On February 28, Israel and the United States attacked Iran. A few hours later, Iran shut down the internet nationwide, a situation that persists to this day. But something unusual also happened that day: a numbers station began broadcasting a series of numbers. The transmission begins with a warning in Farsi, the language spoken in Iran: “Attention!” and then “two, six, nine, zero, four…”. It repeats several times a day at fixed times and can be heard thousands of kilometers away. The origin of this broadcast first appeared to be Central Europe, although other reports mention southern Europe and the Middle East, and the destination could be somewhere within Iran where agents or operatives have a special codebook to convert those numbers into text. But no one is confirming anything, and there have been no public statements about who is or isn’t the sender of this message, which was first reported by the Financial Times. These broadcasts are known as V32 by the numbers station community.

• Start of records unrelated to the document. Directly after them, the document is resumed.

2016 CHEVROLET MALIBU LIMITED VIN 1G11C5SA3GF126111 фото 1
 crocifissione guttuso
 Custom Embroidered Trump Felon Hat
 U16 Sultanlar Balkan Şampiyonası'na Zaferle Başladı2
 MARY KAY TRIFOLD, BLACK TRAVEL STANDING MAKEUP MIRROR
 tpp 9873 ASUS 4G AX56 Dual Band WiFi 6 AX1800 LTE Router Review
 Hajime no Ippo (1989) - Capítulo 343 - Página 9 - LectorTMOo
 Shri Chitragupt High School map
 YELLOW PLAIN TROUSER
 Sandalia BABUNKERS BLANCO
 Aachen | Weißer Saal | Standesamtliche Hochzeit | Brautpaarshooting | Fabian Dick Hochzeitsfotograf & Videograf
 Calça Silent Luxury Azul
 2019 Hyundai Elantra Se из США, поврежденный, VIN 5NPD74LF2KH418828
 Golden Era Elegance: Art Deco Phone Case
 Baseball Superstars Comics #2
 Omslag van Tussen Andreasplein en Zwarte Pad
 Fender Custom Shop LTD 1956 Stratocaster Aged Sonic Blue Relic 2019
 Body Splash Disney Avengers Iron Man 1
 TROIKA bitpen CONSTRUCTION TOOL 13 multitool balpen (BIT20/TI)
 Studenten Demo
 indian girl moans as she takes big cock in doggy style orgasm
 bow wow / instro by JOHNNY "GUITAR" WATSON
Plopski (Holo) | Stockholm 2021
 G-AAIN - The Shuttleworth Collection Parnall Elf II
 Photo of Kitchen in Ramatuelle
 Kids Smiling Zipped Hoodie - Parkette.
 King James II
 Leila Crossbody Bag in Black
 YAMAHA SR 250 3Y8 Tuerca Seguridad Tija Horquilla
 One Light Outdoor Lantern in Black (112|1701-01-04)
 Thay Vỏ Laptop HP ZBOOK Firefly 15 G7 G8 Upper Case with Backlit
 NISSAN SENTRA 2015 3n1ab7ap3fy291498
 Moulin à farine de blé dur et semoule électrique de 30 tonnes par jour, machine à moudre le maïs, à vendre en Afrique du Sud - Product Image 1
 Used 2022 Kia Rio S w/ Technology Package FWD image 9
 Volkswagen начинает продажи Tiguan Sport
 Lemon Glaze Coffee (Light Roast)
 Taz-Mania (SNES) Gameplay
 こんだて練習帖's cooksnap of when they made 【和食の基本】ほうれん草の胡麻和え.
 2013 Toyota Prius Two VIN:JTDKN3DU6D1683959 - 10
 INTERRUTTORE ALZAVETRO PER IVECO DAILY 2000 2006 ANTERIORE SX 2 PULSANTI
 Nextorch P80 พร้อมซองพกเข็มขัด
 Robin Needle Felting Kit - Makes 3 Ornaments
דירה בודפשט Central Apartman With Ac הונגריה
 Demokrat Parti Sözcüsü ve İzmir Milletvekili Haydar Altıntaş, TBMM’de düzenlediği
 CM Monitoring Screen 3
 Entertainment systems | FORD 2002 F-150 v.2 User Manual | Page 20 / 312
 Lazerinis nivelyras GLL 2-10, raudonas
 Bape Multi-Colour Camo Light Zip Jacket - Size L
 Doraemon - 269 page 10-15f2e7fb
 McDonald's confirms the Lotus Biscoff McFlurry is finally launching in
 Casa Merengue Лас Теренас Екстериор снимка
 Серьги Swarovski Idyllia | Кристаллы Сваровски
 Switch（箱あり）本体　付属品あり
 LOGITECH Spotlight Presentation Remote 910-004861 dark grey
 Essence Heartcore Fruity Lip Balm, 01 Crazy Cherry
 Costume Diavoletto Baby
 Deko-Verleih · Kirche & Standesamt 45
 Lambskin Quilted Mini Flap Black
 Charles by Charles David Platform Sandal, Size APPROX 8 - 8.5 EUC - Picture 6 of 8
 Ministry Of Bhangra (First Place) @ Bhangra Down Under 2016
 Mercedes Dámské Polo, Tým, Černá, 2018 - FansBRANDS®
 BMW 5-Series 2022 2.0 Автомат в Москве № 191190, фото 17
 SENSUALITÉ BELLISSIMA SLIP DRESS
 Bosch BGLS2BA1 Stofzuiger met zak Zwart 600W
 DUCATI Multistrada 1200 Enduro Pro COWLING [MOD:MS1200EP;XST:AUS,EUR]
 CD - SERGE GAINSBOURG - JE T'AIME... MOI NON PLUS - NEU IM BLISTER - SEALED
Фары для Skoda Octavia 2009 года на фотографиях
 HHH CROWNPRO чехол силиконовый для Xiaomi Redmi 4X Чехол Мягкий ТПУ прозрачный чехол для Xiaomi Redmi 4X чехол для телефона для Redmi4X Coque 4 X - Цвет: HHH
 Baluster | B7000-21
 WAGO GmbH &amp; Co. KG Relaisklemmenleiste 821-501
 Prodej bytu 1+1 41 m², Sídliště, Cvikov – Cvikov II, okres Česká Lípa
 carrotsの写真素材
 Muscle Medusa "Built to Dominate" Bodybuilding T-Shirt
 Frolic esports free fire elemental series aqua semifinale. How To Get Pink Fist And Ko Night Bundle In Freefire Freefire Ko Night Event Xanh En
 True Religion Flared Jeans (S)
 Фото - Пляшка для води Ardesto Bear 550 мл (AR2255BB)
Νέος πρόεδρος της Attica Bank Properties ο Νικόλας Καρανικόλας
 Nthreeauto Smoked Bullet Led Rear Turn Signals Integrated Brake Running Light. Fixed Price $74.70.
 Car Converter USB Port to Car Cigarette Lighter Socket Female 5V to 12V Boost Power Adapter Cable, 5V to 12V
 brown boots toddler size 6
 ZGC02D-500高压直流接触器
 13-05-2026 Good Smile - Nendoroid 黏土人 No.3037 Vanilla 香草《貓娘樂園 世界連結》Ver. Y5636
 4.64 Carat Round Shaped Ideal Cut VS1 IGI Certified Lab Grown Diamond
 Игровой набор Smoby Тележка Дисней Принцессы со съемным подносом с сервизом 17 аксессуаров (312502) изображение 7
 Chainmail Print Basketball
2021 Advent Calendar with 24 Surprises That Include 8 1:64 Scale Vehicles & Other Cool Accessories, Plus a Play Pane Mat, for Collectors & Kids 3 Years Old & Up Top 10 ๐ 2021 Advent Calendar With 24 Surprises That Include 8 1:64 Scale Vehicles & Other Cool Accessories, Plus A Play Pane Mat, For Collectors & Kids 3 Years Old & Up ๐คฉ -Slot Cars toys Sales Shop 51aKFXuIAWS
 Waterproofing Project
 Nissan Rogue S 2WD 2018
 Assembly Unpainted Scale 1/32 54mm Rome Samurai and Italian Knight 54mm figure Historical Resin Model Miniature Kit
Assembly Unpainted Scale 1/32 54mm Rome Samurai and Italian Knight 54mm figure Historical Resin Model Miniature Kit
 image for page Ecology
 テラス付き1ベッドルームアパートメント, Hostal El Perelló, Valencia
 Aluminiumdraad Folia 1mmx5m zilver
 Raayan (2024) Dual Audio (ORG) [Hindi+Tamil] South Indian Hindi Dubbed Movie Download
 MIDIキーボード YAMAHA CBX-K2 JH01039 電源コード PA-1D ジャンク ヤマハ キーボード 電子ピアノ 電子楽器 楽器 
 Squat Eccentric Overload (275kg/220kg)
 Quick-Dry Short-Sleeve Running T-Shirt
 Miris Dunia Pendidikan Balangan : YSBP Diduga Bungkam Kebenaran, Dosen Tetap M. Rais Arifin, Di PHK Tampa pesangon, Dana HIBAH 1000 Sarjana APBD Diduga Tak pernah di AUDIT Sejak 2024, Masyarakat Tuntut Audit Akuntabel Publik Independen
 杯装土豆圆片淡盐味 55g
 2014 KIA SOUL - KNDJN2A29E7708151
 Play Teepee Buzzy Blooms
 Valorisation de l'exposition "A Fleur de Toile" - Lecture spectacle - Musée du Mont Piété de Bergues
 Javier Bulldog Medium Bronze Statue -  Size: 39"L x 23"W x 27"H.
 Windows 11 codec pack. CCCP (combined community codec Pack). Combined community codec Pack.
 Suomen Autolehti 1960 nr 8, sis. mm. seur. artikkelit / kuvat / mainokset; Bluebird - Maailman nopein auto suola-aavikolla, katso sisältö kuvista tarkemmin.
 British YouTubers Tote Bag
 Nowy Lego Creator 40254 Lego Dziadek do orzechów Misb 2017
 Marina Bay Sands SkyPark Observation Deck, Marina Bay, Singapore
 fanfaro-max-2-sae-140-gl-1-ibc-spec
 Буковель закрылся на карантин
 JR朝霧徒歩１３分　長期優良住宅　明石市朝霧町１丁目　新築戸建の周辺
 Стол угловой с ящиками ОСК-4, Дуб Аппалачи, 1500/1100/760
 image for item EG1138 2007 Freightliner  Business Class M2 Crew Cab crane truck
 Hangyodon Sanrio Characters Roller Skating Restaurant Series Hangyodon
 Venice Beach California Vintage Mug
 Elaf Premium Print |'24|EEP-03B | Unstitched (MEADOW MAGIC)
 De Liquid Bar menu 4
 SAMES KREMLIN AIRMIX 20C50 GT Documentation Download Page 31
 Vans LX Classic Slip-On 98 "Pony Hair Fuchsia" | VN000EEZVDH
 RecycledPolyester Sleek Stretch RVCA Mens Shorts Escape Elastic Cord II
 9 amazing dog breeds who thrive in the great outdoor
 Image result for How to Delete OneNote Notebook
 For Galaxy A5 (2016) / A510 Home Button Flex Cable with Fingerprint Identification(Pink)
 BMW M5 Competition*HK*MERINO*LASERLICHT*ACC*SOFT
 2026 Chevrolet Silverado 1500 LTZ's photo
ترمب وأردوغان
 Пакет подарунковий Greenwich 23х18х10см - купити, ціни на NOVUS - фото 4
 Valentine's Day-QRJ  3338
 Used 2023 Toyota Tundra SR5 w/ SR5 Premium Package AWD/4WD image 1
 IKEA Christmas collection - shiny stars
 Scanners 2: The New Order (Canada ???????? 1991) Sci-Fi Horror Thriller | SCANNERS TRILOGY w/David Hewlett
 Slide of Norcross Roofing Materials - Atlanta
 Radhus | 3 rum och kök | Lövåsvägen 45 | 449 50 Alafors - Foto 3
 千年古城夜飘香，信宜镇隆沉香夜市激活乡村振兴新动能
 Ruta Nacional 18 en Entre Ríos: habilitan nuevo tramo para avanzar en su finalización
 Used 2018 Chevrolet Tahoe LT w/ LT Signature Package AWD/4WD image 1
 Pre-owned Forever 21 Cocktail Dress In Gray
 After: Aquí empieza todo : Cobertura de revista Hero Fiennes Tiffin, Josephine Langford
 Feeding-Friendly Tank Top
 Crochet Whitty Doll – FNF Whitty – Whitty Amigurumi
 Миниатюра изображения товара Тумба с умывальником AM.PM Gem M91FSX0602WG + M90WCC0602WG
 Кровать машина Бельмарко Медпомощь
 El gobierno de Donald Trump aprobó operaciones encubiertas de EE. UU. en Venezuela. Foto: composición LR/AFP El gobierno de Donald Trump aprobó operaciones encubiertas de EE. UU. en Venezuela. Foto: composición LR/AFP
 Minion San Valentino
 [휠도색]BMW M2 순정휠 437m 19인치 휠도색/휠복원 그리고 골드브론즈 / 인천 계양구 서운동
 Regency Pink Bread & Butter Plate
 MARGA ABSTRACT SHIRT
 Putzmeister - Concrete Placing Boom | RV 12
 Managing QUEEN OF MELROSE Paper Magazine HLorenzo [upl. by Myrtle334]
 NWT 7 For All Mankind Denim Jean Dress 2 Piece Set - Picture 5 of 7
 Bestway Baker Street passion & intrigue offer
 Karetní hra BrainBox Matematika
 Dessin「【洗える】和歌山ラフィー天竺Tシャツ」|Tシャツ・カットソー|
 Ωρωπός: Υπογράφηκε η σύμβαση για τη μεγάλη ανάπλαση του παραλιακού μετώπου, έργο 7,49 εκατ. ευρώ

⚠️ Update: #Iran’s internet blackout is now entering its 18th day after 408 hours without international connectivity for the general public. Chosen users are granted privileged access, while the remainder are left with a limited domestic intranet under increasingly tight control.
— NetBlocks (@netblocks.org) 17 March 2026 at 08:37
Numbers stations had their heyday during the Cold War, but they’ve never really disappeared. In the internet age, they have two major advantages: they work when everything else goes down, and they’re untraceable unless you’re caught red-handed with the codebook. “During the Cold War, they were mainly used to send encrypted instructions to agents abroad or in hostile environments,” says David Marugán, a consultant specializing in security and radio communications. “That essential use hasn’t changed. Today there are fewer visible stations than at the height of the Cold War, but dozens still exist and they still make sense because the digital world is much more monitored, tracked, and controlled. It’s not a resurrected method: it was never abandoned,” he adds.
The conflict in Iran and the potential U.S. attack on Cuba have brought this method back into the spotlight. Its objective is to maintain communication with individuals within a country without them being traceable: “One explanation is that it is a security plan prepared in advance and that has now been activated because other means of communication are no longer available,” says Tony Ingesson, a professor specializing in intelligence at Lund University (Sweden).
The technical elimination of these messages is also very complex. “It’s difficult to completely neutralize it,” says Marugán. A transmitter that generates noise or deliberate interference (jammer) on the same frequency can be used to hinder message reception. “That can significantly degrade reception in the target area, but it doesn’t necessarily eliminate the transmission entirely, nor does it prevent the operator from changing frequencies or adopting other countermeasures, such as adjusting the timing, power, modulation, or even the location,” Marugán adds. The truly effective way to eliminate a station is to physically locate the transmitter and legally dismantle it, which depends on finding it and obtaining the cooperation of the country’s government—something extremely difficult.
“In the case of V32, everything points to the use of the well-known Iranian bubble jammer, a type of jammer that has been associated for years with the censorship of broadcasts aimed at Persian-speaking audiences, such as Radio Farda, Voice of America in Persian, BBC Persia, or Iran International,” explains Marugán.
Another risk is the possibility of the recipients being caught with the codebook in hand, which is also not easy. “The recipient usually writes the message down on paper and then uses a key, also on paper, to decipher it. Once they have transcribed it, they burn both the message and the key. Everything is done with pen and paper, so, unlike any digital device, no trace is left behind,” says Ingesson.
Despite these advantages in critical moments, they are not a useful method for fluid communication with an operative. It is only one-way, which is both an advantage and a disadvantage. It is more difficult to detect potential spies in a given area: “Anyone can hear the signal, but the receiver doesn’t transmit anything back, so it leaves no traffic, it’s completely passive, and it’s technically impossible to locate those who receive it,” says Marugán. But this means that those same agents need other channels to respond, if necessary. “There has to be another channel for the agent or the source to respond: face-to-face meetings, dead ends where messages can be left, another radio transmitter on a different frequency,” explains Ingesson.
Although the attack on Iran may have revived interest in this tool, that is not the country where these stations have been primarily used, Marugán points out: “Cuba is the country with the longest tradition of numbers stations.” The Russian agents arrested in the U.S. in 2010 were listening to numbers stations broadcasting from Cuba. Here you can hear a recent example from the Cuban station HM01, one of the most well-known in the intelligence world.
The Russian-Cuban connection is behind one of the largest uses of numbers stations in history, according to Ingesson: “Number stations are usually associated with very few operators these days, mainly Russia and Cuba. But there is also a Polish station, and Ukraine had one until the large-scale invasion of 2022.” “There is also such a transmitter in Taiwan,” he notes.